* **DATA SUPPLIED**:
BEGIN

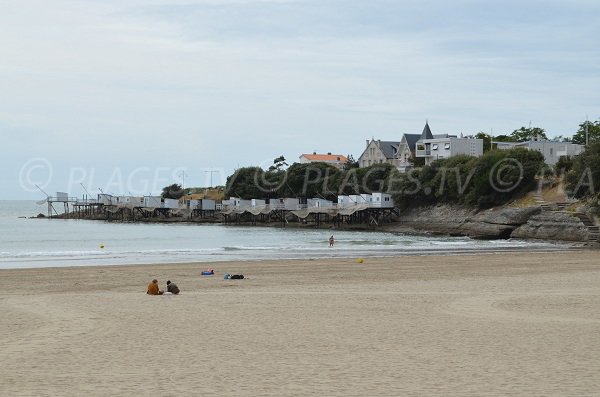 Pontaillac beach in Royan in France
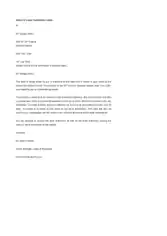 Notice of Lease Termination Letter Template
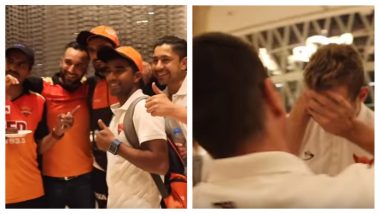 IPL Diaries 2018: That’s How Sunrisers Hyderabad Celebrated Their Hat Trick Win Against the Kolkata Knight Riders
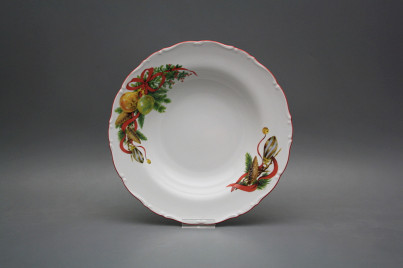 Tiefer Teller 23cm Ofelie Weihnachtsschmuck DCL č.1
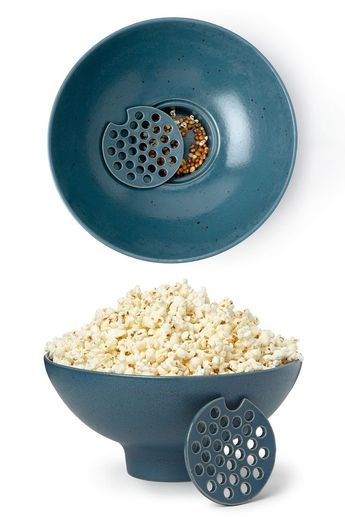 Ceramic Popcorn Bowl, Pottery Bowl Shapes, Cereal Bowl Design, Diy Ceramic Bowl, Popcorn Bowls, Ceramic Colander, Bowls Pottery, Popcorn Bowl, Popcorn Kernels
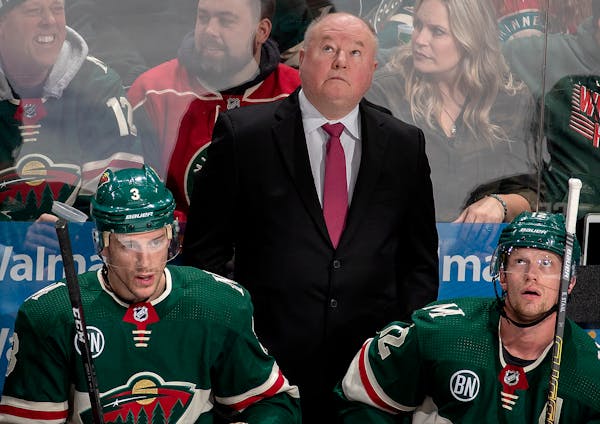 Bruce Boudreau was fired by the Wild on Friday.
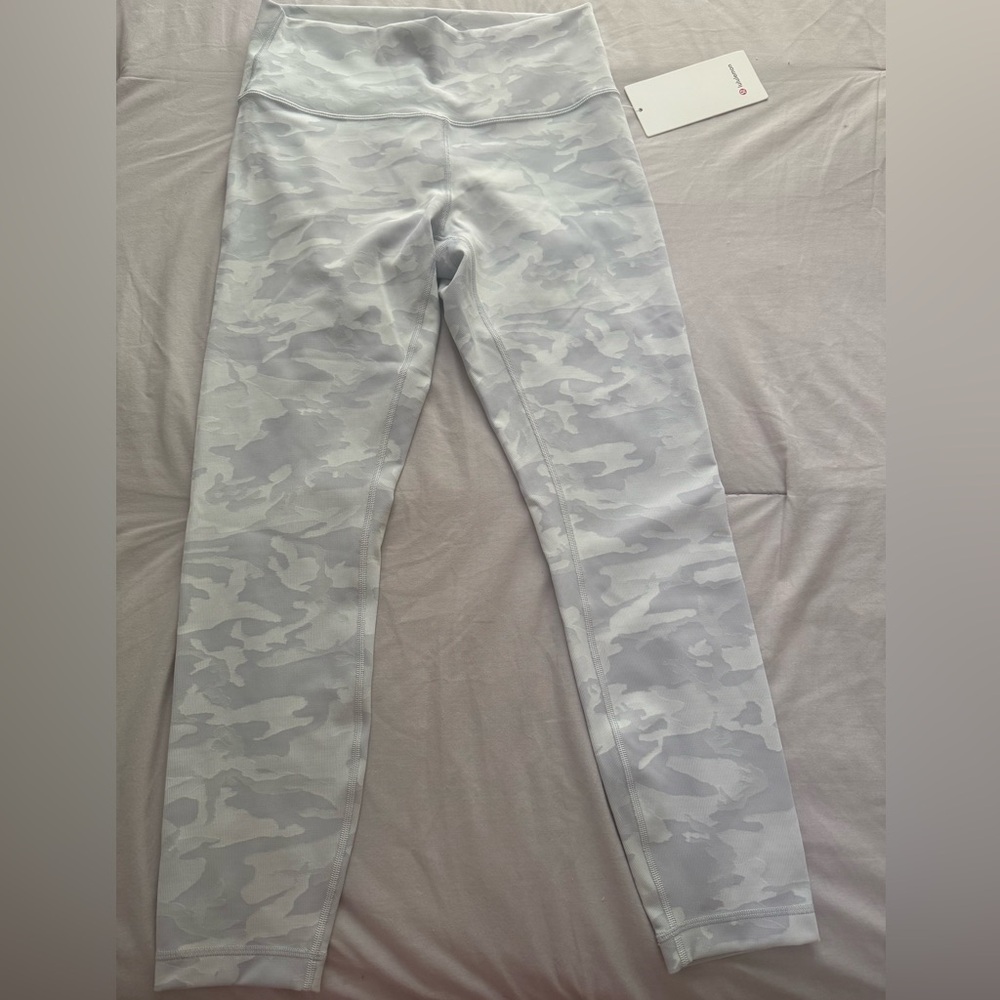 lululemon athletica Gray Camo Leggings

END
BEGIN

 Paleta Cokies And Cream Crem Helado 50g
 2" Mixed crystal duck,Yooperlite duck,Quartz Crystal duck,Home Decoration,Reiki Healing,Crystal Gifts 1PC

END

* **EXERCISE GOAL**:
What is wanted is an exact copy of the lines above from the one containing "Pontaillac beach in Royan in France" through the one containing "Ceramic Popcorn Bowl, Pottery", with no pictures in it.

* **WORKED SOLUTION**:
 Pontaillac beach in Royan in France
 Notice of Lease Termination Letter Template
 IPL Diaries 2018: That’s How Sunrisers Hyderabad Celebrated Their Hat Trick Win Against the Kolkata Knight Riders
 Tiefer Teller 23cm Ofelie Weihnachtsschmuck DCL č.1
 Ceramic Popcorn Bowl, Pottery Bowl Shapes, Cereal Bowl Design, Diy Ceramic Bowl, Popcorn Bowls, Ceramic Colander, Bowls Pottery, Popcorn Bowl, Popcorn Kernels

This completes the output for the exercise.